Further, provision of the first opening, the second opening, and the second insulating protective film allows more surely insulating between the cathode mounting terminal and the anode mounting terminal in electrical connection between the solar battery cell and the conductive pattern. Further, provision of the second insulating protective film allows dispersing strength applied on the solar battery module substrate when the solar battery cell is mounted on the solar battery module substrate, and allows smoother sealing by transparent protective resin.

ADVANTAGEOUS EFFECTS OF INVENTION

As described above, the solar battery module substrate of the present invention on which solar battery cells are to be mounted includes an insulating substrate on which a conductive pattern and an insulating protective film are formed, the conductive pattern including: cathode mounting terminals each of which is to be connected with a cathode of a solar battery cell; anode mounting terminals each of which is to be connected with an anode of the solar battery cell; and first module wiring, the first module wiring connecting a cathode mounting terminal to be connected with a cathode of one solar battery cell with an anode mounting terminal to be connected with an anode of another solar battery cell connected in series with said one solar battery cell, the insulating protective film having at least one opening for exposing the cathode mounting terminal and the anode mounting terminal, and the opening being positioned inside a portion of the solar battery module substrate on which portion the solar battery cell is to be projected.

As described above, the solar battery module substrate of the present invention on which solar battery cells are to be mounted includes an insulating substrate on which a conductive pattern and a first insulating protective film are formed, the conductive pattern including: cathode mounting terminals each of which is to be connected with a cathode of a solar battery cell; anode mounting terminals each of which is to be connected with an anode of the solar battery cell; and first module wiring, the first module wiring connecting a cathode mounting terminal to be connected with a cathode of one solar battery cell with an anode mounting terminal to be connected with an anode of another solar battery cell connected in series with said one solar battery cell, the first insulating protective film having at least one first opening for exposing the cathode mounting terminal and at least one second opening for exposing the anode mounting terminal, said at least first opening and said at least one second opening being positioned inside a portion of the solar battery module substrate on which portion the solar battery cell is to be projected, and a second insulating protective film being provided between the cathode mounting terminal and the anode mounting terminal.

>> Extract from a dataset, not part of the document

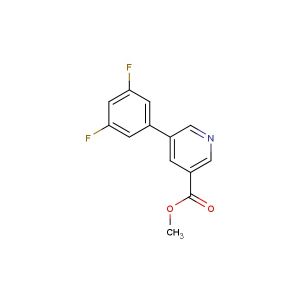 Methyl 5-(3,5-difluorophenyl)nicotinate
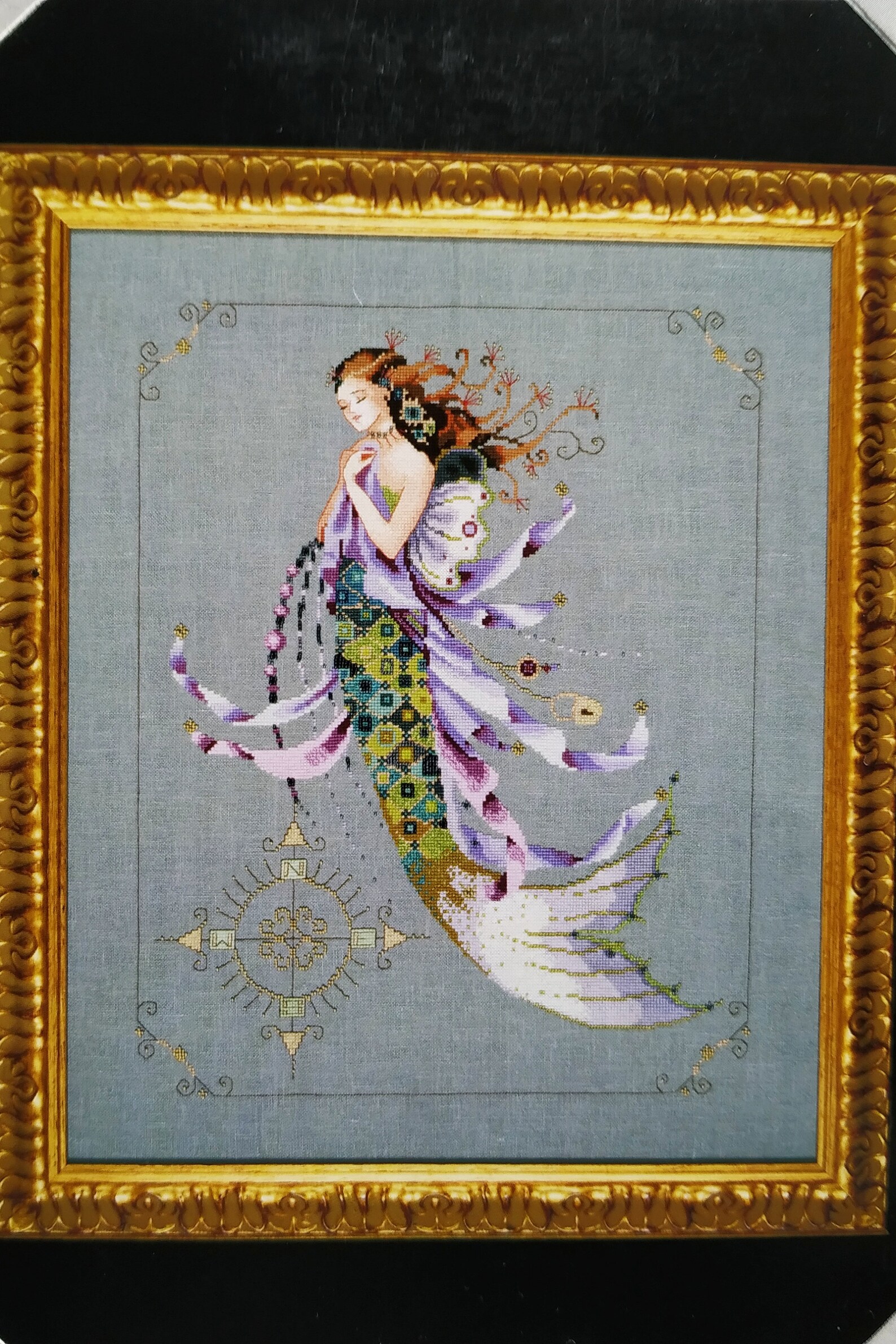 OOP Mirabilia Shimmering Mermaid MD71 Cross Etsy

Therefore, the present invention provides a solar battery module substrate and a solar battery module in each of which a portion where an electrode is exposed does not contact with its surrounding improperly.

BRIEF DESCRIPTION OF DRAWINGS

FIG. 1 is a plane drawing showing a solar battery module substrate in accordance with an embodiment of the present invention.

FIG. 2 is an explanatory drawing showing operations of a back surface electrode type solar battery cell. (a)-(c) of FIG. 2 show operations of a back surface electrode type solar battery cell.

FIG. 3 is a drawing showing production of a back surface electrode type solar battery cell from a back surface electrode type cell wafer for housing. (a)-(c) of FIG. 3 shows production of a back surface electrode type solar battery cell from a back surface electrode type cell wafer for housing.

FIG. 4 is a plane drawing showing a module substrate in accordance with an embodiment of the present invention.

FIG. 5 is a plane drawing showing a module substrate to which solder paste is supplied.

FIG. 6 is a drawing showing mounting a back surface electrode type solar battery cell in an inverted manner.

FIG. 7 is a plane drawing showing a solar battery module completed by being sealed with transparent protective resin, in accordance with the present embodiment.

FIG. 8 is a cross sectional drawing taken in line A-B of the solar battery module substrate shown in FIG. 1.

FIG. 9 is a plane drawing showing another solar battery module substrate in accordance with an embodiment of the present invention.

FIG. 10 is a plane drawing showing still another solar battery module in accordance with an embodiment of the present invention. (a) of FIG. 10 is a plane drawing showing a front surface of the solar battery module. (b) of FIG. 10 shows a plane drawing showing a back surface of the solar battery module.

FIG. 11 is a plane drawing showing a back surface of a back surface electrode type solar battery cell on which back surface positive electrodes and negative electrodes are positioned in a checkered pattern.

FIG. 12 is an explanatory drawing showing how to make a back surface electrode type solar battery cell from a back surface electrode type cell wafer for housing. (a)-(c) of FIG. 12 show how to make a back surface electrode type solar battery cell from a back surface electrode type cell wafer for housing.

FIG. 13 is a plane drawing showing a module substrate for the purpose of preliminary discussion.

FIG. 14 is a plane drawing showing a module substrate to which solder paste is supplied, for the purpose of preliminary discussion.

FIG. 15 is a drawing showing mounting a back surface electrode type solar battery cell in an inverted manner.

FIG. 16 is a plane drawing showing a solar battery module completed by being sealed with transparent protective resin.

FIG. 17 is a drawing showing providing a broad cell distance on a solar battery module.

FIG. 18 is an explanatory drawing showing operations of a conventional back surface electrode type solar battery cell. (a) to (c) of FIG. 18 are drawings showing operations of the conventional back surface electrode type solar battery cell.

DESCRIPTION OF EMBODIMENTS

One embodiment of the present invention is explained below with reference to FIGS. 1 to 17.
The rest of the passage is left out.